New Trend: Fake Gastric Banding Surgery
Clinics use hypnosis to "fake" gastric banding surgery.
April 13, 2010— -- Kay Lindley spent days preparing for her fake surgery.
Lindley, 59, weighed 315 pounds and wanted to lose weight before retiring from her position in a school in Keighley, England. So in July 2009, she traveled to a clinic in Spain. She spent days in "pre-surgery" counseling talking about her food choices and how gastric banding surgery would leave her stomach no bigger than a golf ball and make it uncomfortable for her to eat more than she needed.
In her final session, Lindley went into the "operating room" where she smelled antiseptics and heard sounds of the doctors and nurses talking. But rather than go under anesthesia, Lindley had actually already been put under, using hypnosis.

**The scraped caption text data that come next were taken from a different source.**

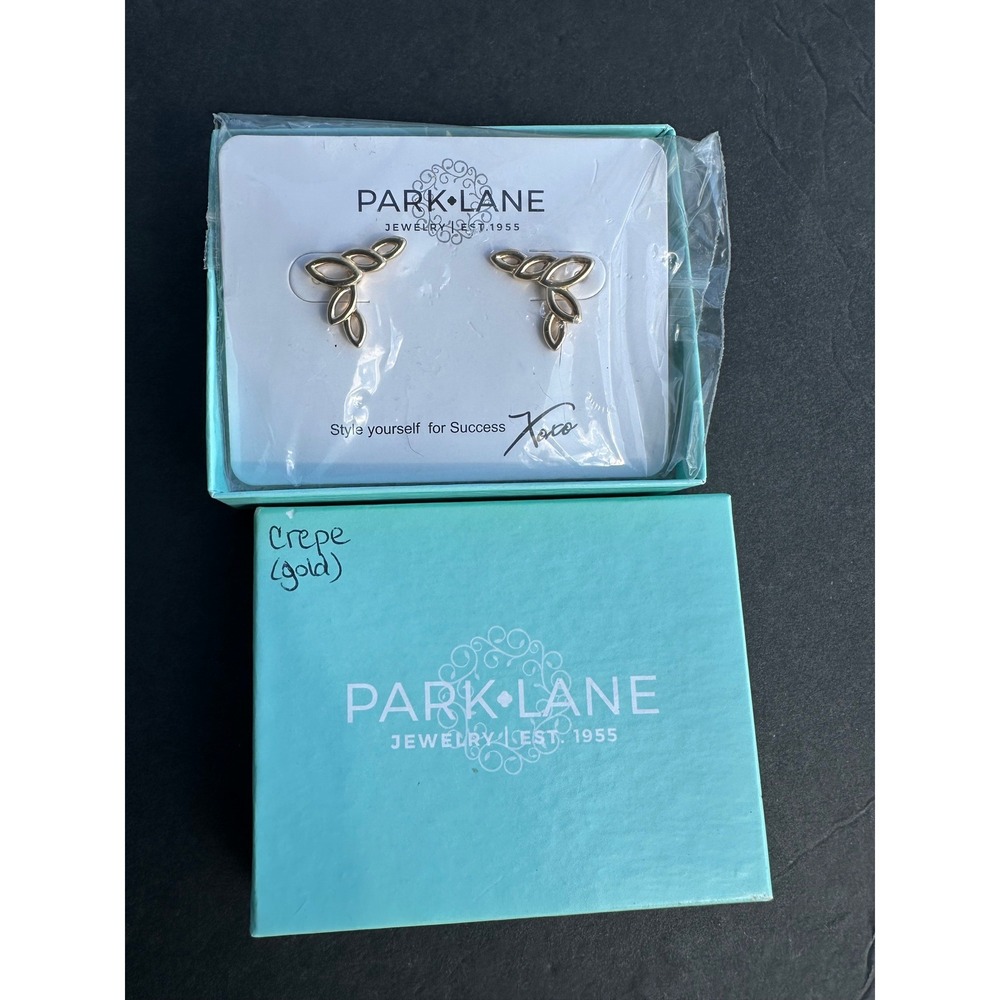 Park Lane Crepe Gold Leaf Crawler‎ Stud Earrings New in Box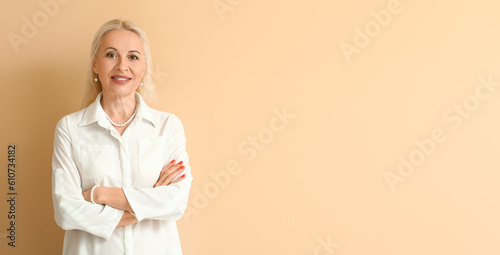 Attractive mature blonde wo...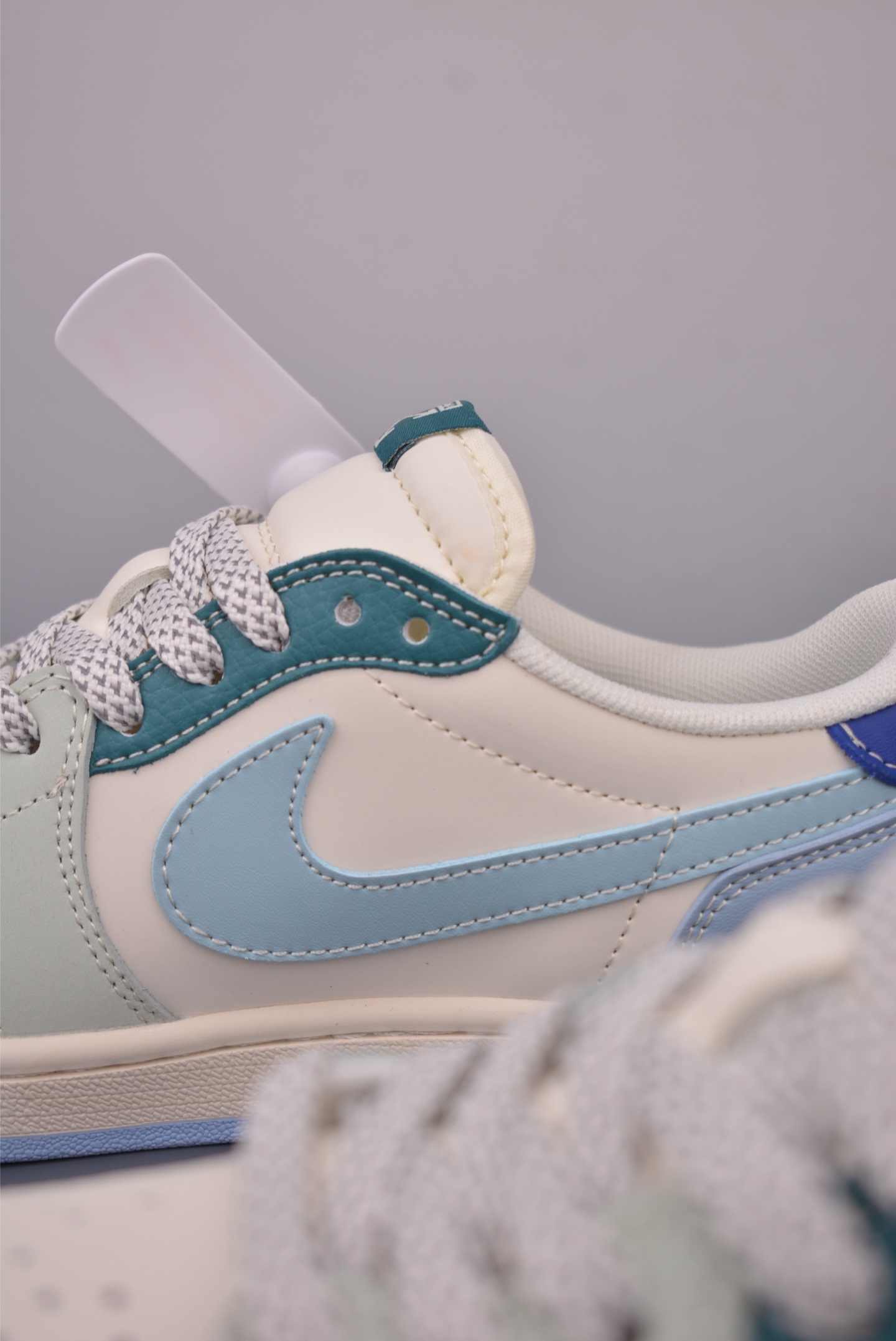 260 Fragment x Travis Scott x OFF Air Jordan 1 Low 解构鞋带 HS8068-066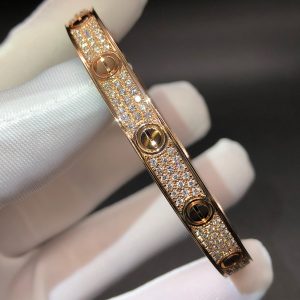 Vòng tay Cartier Love full kim cương vàng hồng 18K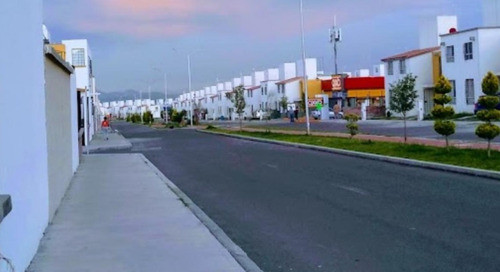 Casa En Venta En Paseos De La Plata Pachuca Hidalgo Bd16*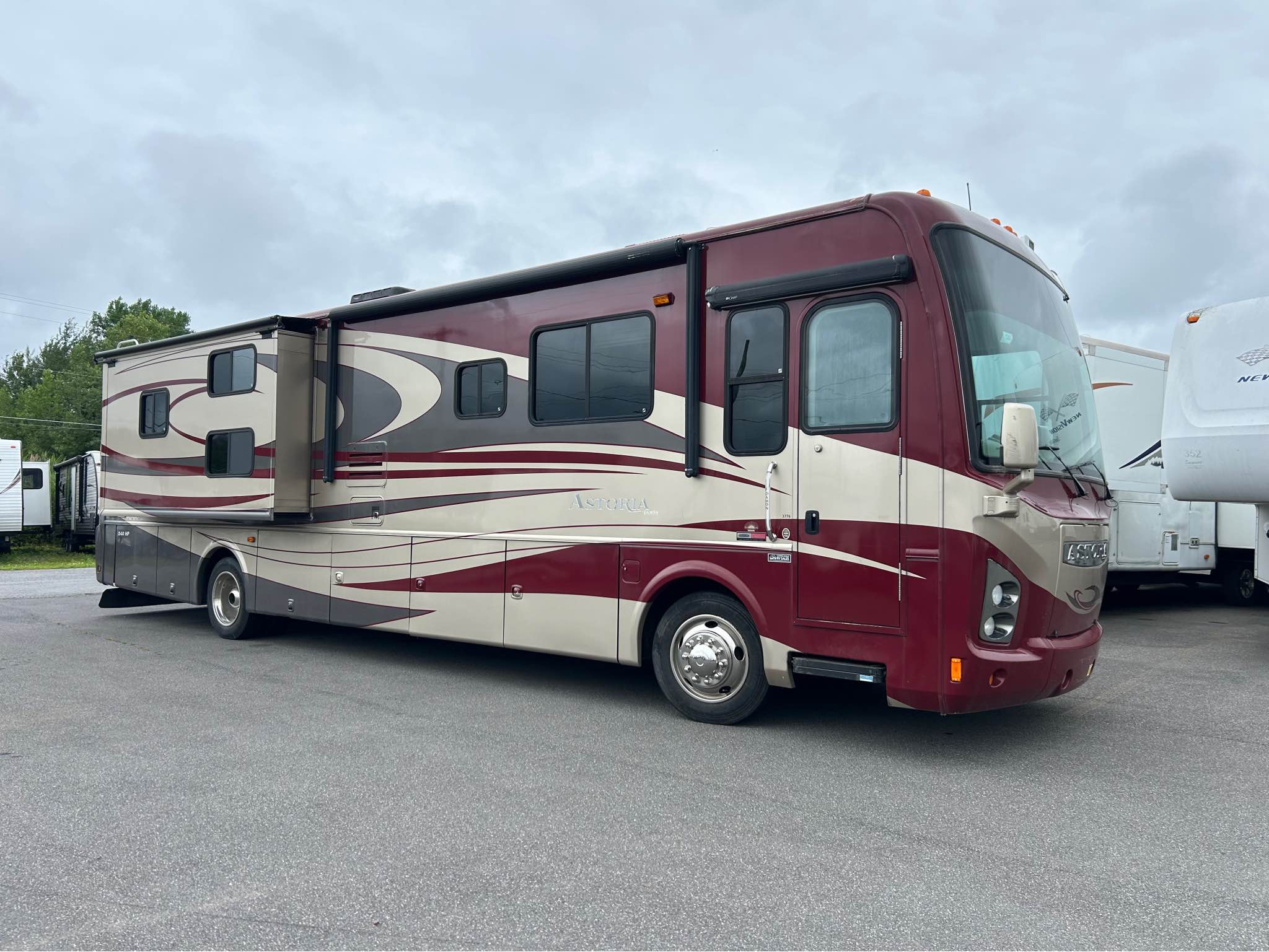 2008 Damon Astoria - RVs & Campers - Oswego, New York | Facebook ...
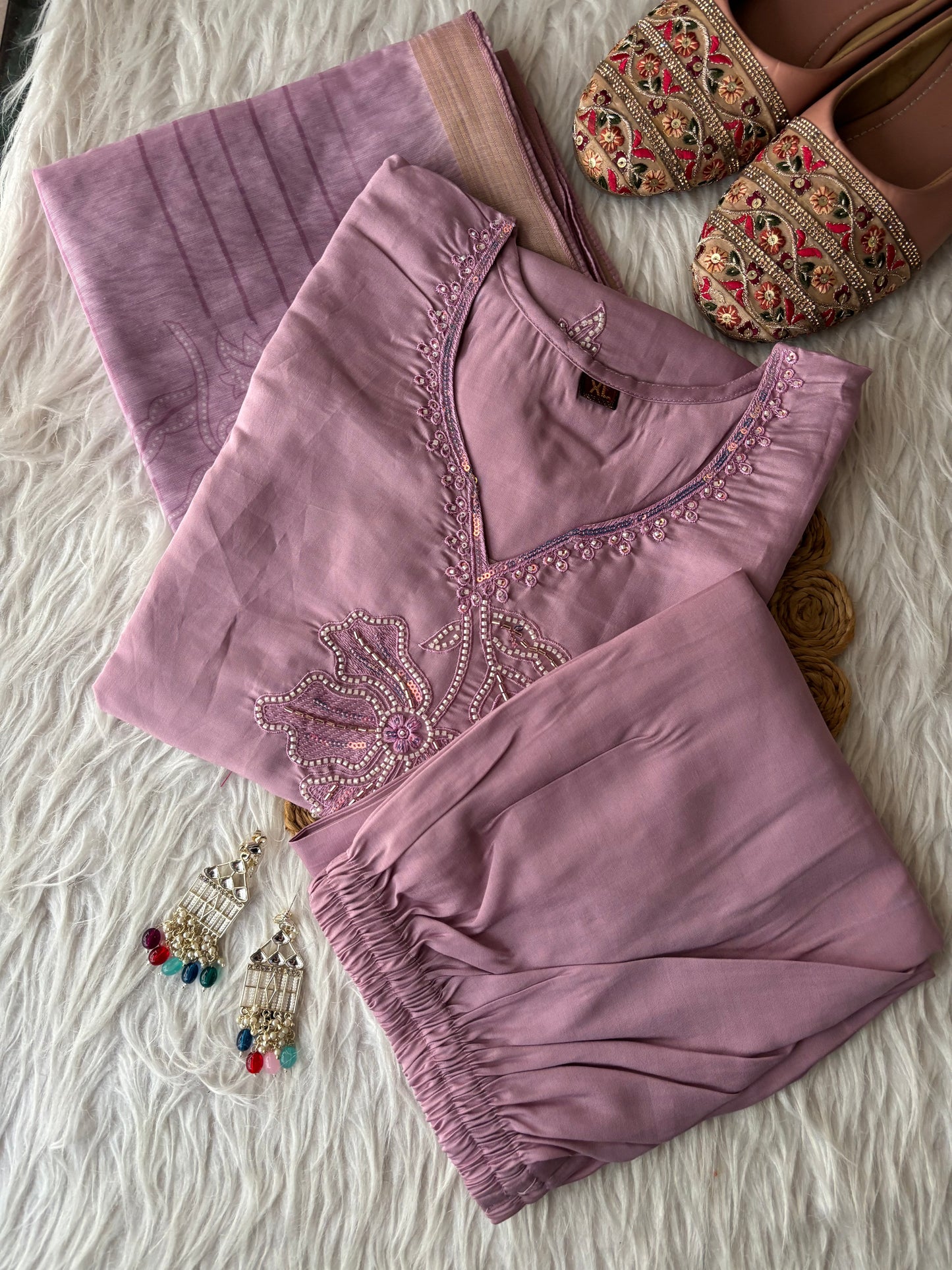 MD -220 Soft elegance in every thread 🌸✨
A graceful blush ensemble adorned with delicate floral embroidery—where tradition meets timeless charm.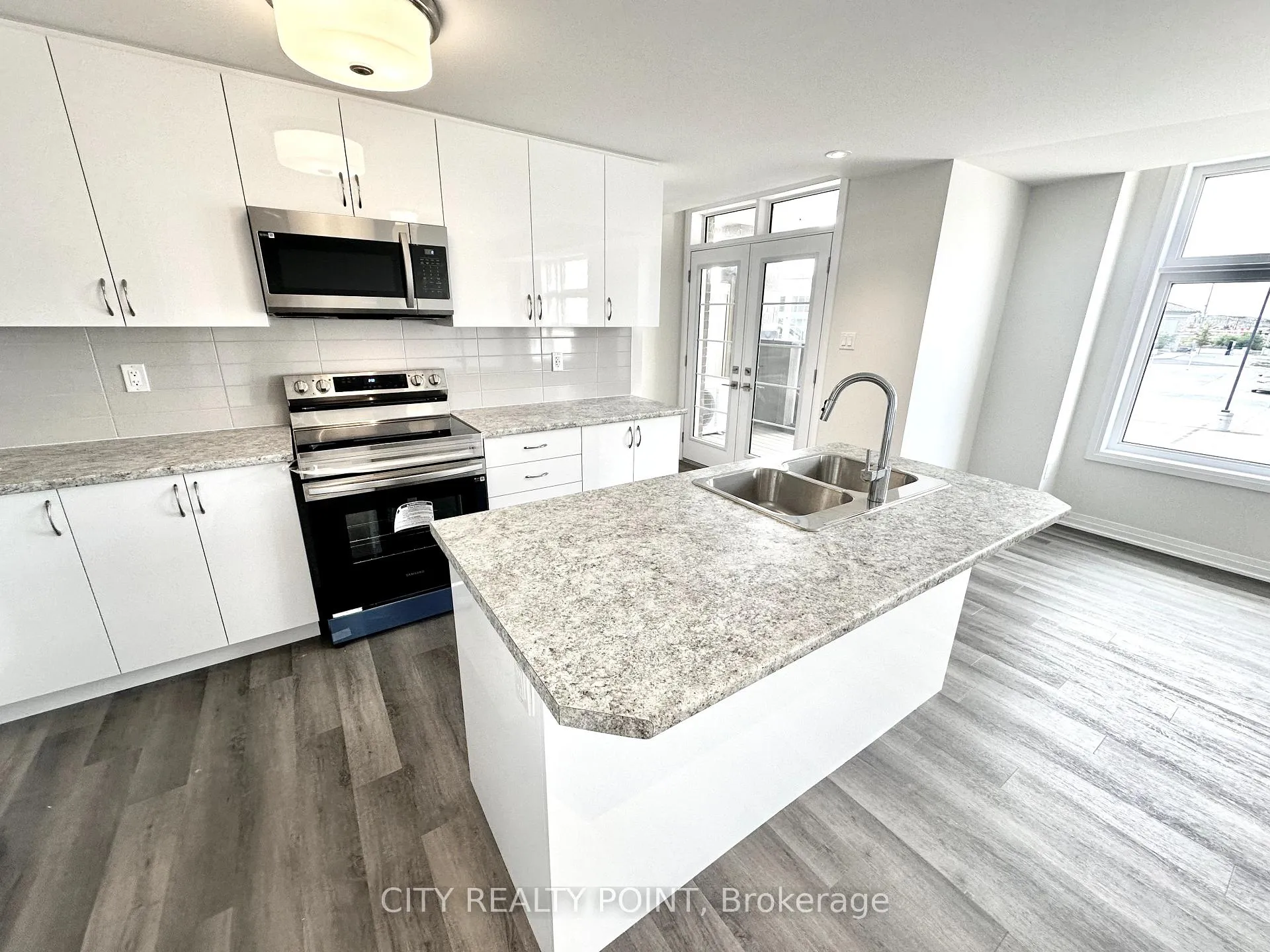 Photo 4 of Unit 5, 15 Fieldridge Crescent N, Brampton, Sandringham-Wellington North — HOMEH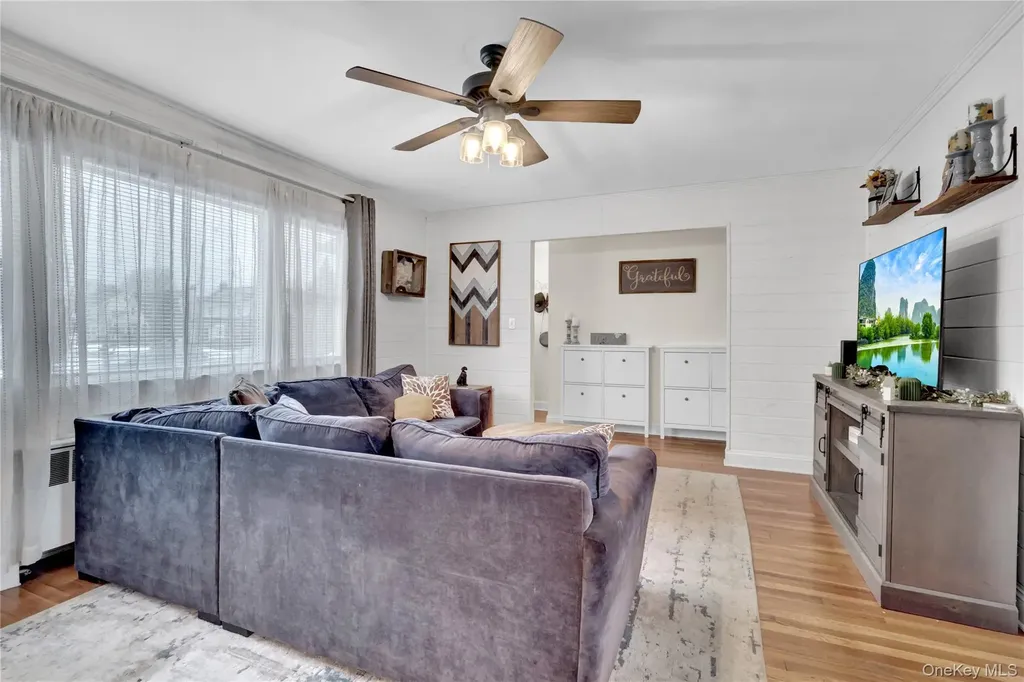 2642 Clovermere Road Oceanside NY 11572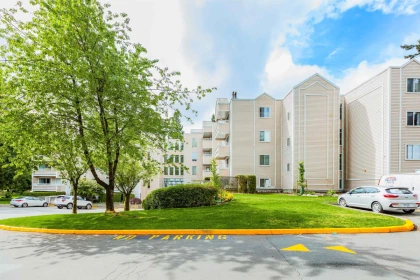 101 9644 134 Street, Surrey, BC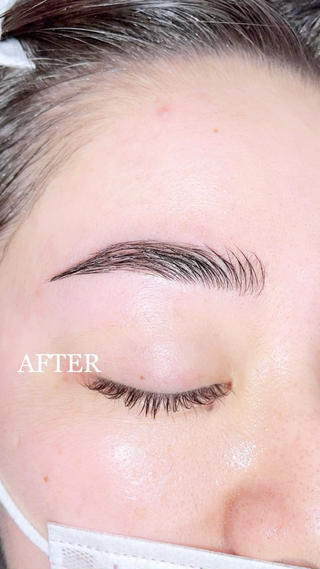 アイブロウ 11:06所属・たけだ ひとみの眉毛・アイブロウイメージ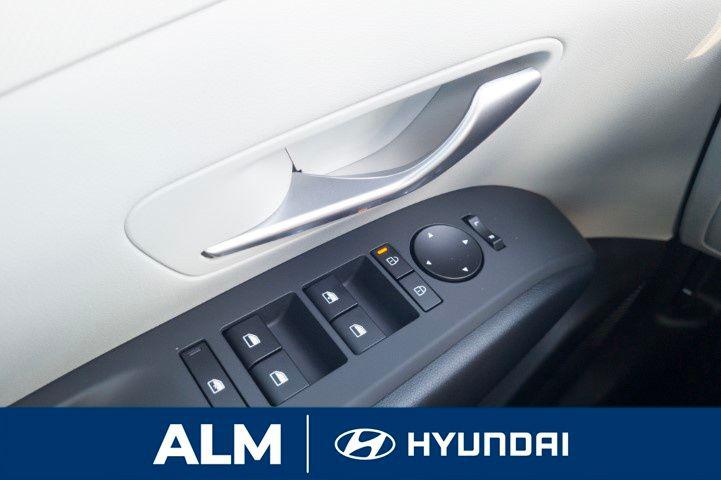 New 2026 White Pearl HYUNDAI SE FWD image 32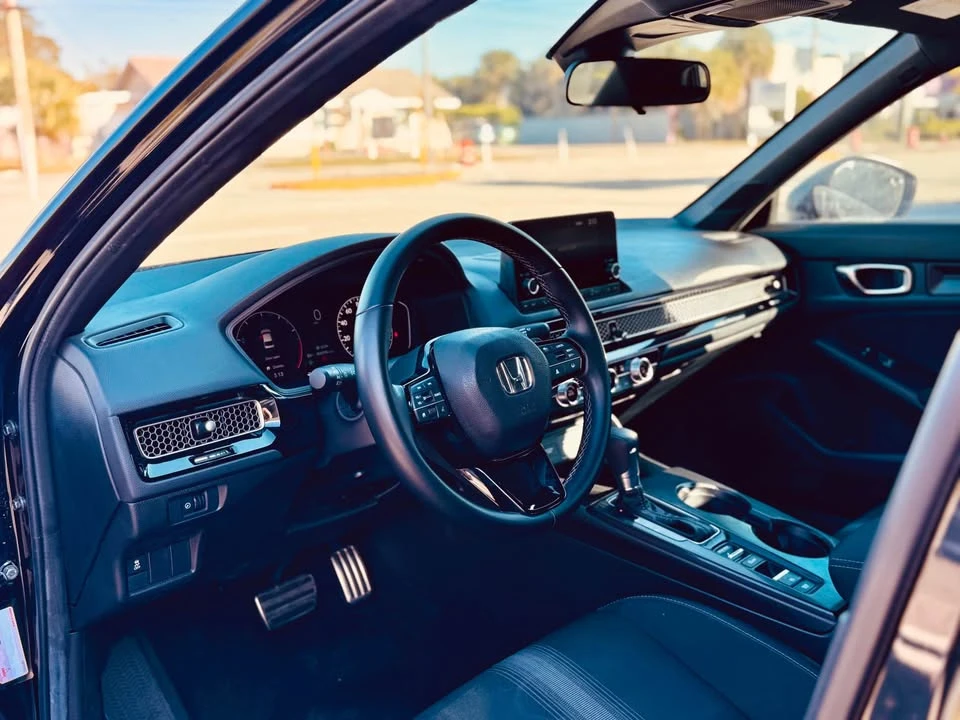 2025 Honda Civic 11th Gen - Image 5 of 6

Hours later she walked out of the "hospital" without a single incision having been made. Lindley didn't actually have -- or want -- gastric bypass surgery, she had hoped the hypnotists at the Elite Clinic in Marbella, Spain could just convince her she had one so her body would not let her eat as much. "I was finding it increasingly painful walking in general, the added weight was causing some difficulties. As I was coming up to my last year of working, I knew I wanted to travel and I knew I wouldn't be fit enough to benefit from the places I would visit, so I knew I needed to do something fairly drastic," Lindley said. "I was a little bit skeptical. I thought if it works it could be brilliant, and I hoped it would work because I wanted to do something." Lindley said she lost 70 pounds in the first five months after her $1,077 mock surgery and hypnosis sessions, and is pleased with the results -- at the very least she gained confidence that she could lose weight. According to a representative from the Elite Clinic about 470 mock gastric banding procedures have been done to date with 70 percent of the clients achieving some weight loss. Hypnotists Martin and Marion Shirran started what's called gastric mind band hypnosis process in Spain three years ago, but hypnotists on this side of the Atlantic were keen to start on the project too. But many obesity experts are far from convinced that a successful round of hypnosis will give long-lasting solutions to weight loss. "This kind of hypnosis probably has an expiration date," said Keith Ayoob, a dietician and professor at Albert Einstein School of Medicine in New York City. "I'd be more convinced if these people lost the weight and kept it off for a year ... [or] a year and a half."